V2X-VLM: End-to-End V2X Cooperative Autonomous Driving Through Large Vision-Language Models
Junwei You, Haotian Shi, Zhuoyu Jiang, Zilin Huang, Rui Gan, Keshu Wu, Xi Cheng, Xiaopeng Li, Bin Ran
TL;DR
The paper tackles the challenge of robust, end-to-end cooperative autonomous driving by fusing multiperspective vehicle and infrastructure data with textual scene descriptions through a large vision-language model. V2X-VLM employs contrastive feature alignment and a teacher–student knowledge distillation scheme to stabilize training and enhance cross-modal understanding, achieving state-of-the-art trajectory planning on the DAIR-V2X dataset. Key findings include superior L2 error and near-zero collision rates, a detailed analysis of transmission-cost trade-offs with downsampling, and demonstrated robustness to input perturbations, supporting real-time deployment.
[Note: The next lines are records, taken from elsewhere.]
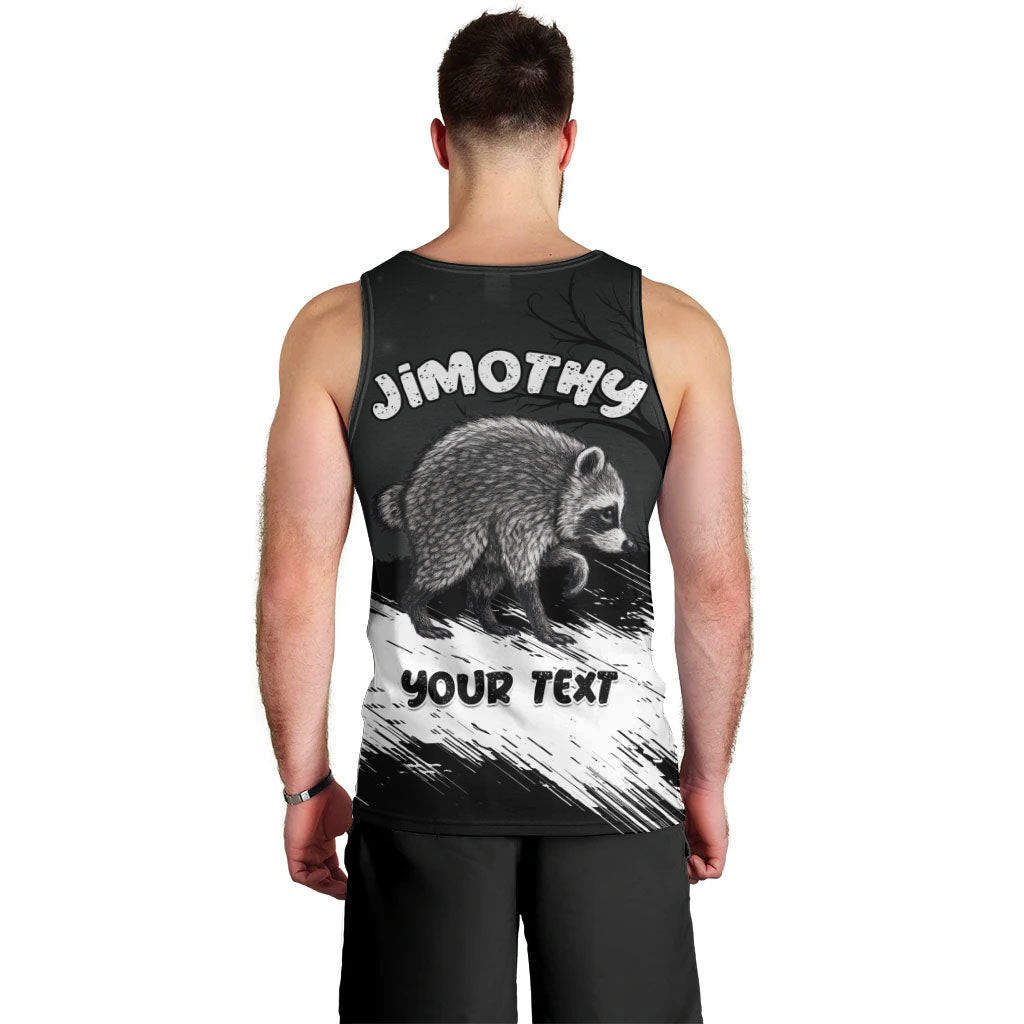 Personalized Jimothy Raccoon Seattle 2026 Men Tank Top Lord Of The Alley Master Of The Night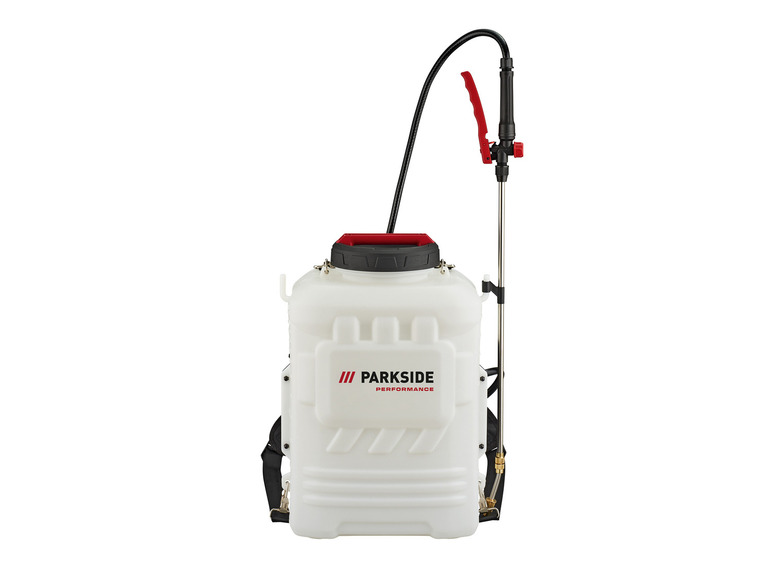 Gehe zu Vollbildansicht: PARKSIDE PERFORMANCE® 20 V Akku-Rucksackdrucksprüher »PRDSP 20-Li C2«, ohne Akku und Ladegerät - Bild 8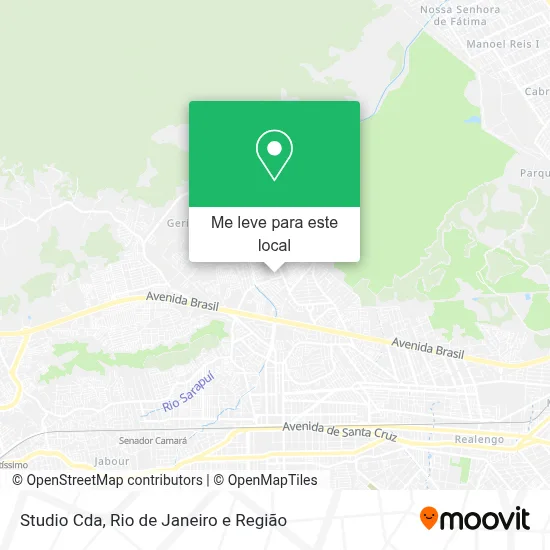 Studio Cda mapa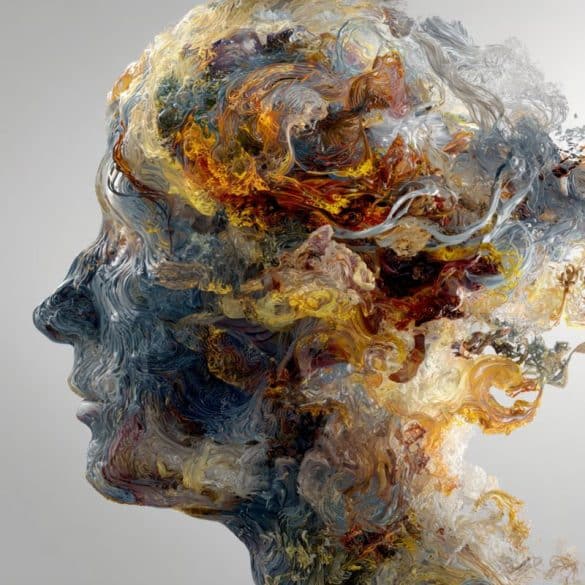 This shows a person's head.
The work advances practical cooperative driving by integrating rich semantic context into planning while addressing communication constraints and training stability.
Abstract
Vehicle-to-everything (V2X) cooperation has emerged as a promising paradigm to overcome the perception limitations of classical autonomous driving by leveraging information from both ego-vehicle and infrastructure sensors. However, effectively fusing heterogeneous visual and semantic information while ensuring robust trajectory planning remains a significant challenge. This paper introduces V2X-VLM, a novel end-to-end (E2E) cooperative autonomous driving framework based on vision-language models (VLMs). V2X-VLM integrates multiperspective camera views from vehicles and infrastructure with text-based scene descriptions to enable a more comprehensive understanding of driving environments. Specifically, we propose a contrastive learning-based mechanism to reinforce the alignment of heterogeneous visual and textual characteristics, which enhances the semantic understanding of complex driving scenarios, and employ a knowledge distillation strategy to stabilize training. Experiments on a large real-world dataset demonstrate that V2X-VLM achieves state-of-the-art trajectory planning accuracy, significantly reducing L2 error and collision rate compared to existing cooperative autonomous driving baselines. Ablation studies validate the contributions of each component. Moreover, the evaluation of robustness and efficiency highlights the practicality of V2X-VLM for real-world deployment to enhance overall autonomous driving safety and decision-making.